The proliferation of Mexican-inspired foods in American culture is only accelerating.
According to the Snack Food Association, tortillas have been outselling hotdog and hamburger buns at grocery stores since 2010, and tortilla chips are selling at a faster pace than potato chips. In NFL and Major League Baseball stadiums, everyone serves nachos, which is the third largest concession seller after only popcorn and soda. That's right. More people enjoy nachos during a trip to the ballpark for America's pastime than hotdogs.
We know tortillas are popular, but how did their rise to fame happen?

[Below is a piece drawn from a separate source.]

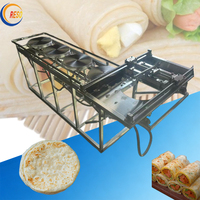 Machine à étaler la pâte à crêpes à gaz 4 poêles personnalisée, semi-automatique, haute productivité, équipement de restauration rapide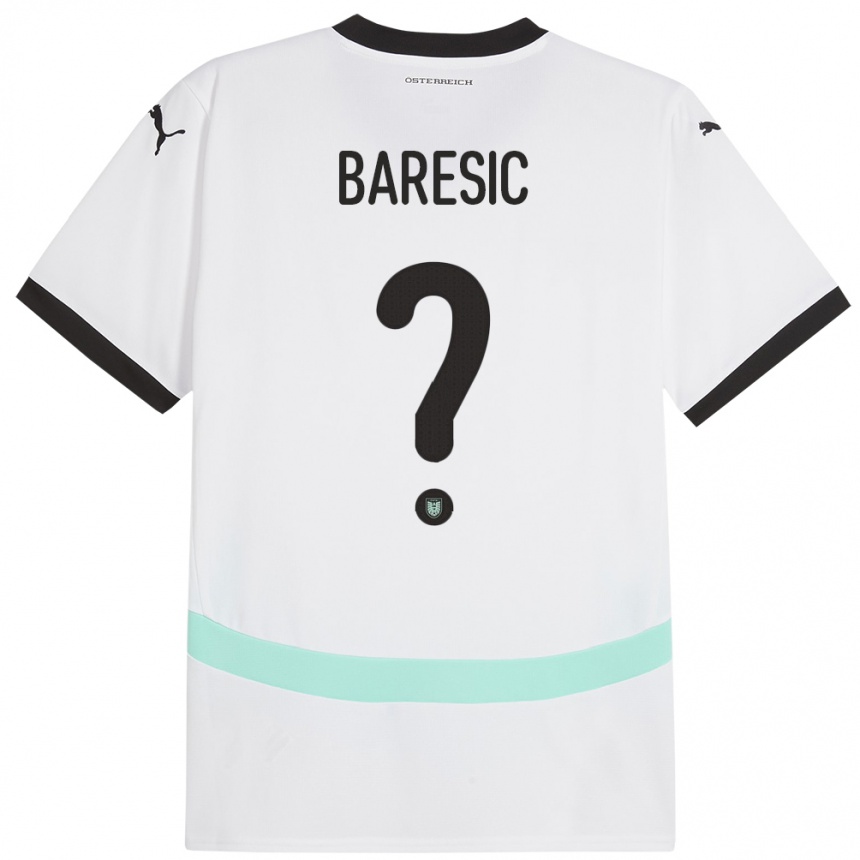 Gyermek Labdarúgás Ausztria Leon Baresic #0 Fehér Idegenbeli Jersey 24-26 Mez Póló Ing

As the story goes, the triangle shaped tortilla chips we love with salsa, guacamole, and queso dip gained prominence in the 1940s, when Rebecca Webb Carranza decided to take the rejected tortillas from her company's automated manufacturing line and repurpose them.
As a way to reduce food waste and create new revenue streams in her Mexican deli and tortilla factory near Los Angeles, she decided to cut the rejects into triangles and fry them, selling them in dime bags at the El Zarape Tortilla Factory.
In 1994, Carranza received the Golden Tortilla award for her contribution to the Mexican food industry, and in 2006, she passed away at the age of 98.
Tortilla chips are such an engrained part of our lives, from the free appetizer before dinner to Super Bowl parties, but the really do have a point of origin in American culture, and know you know what it is.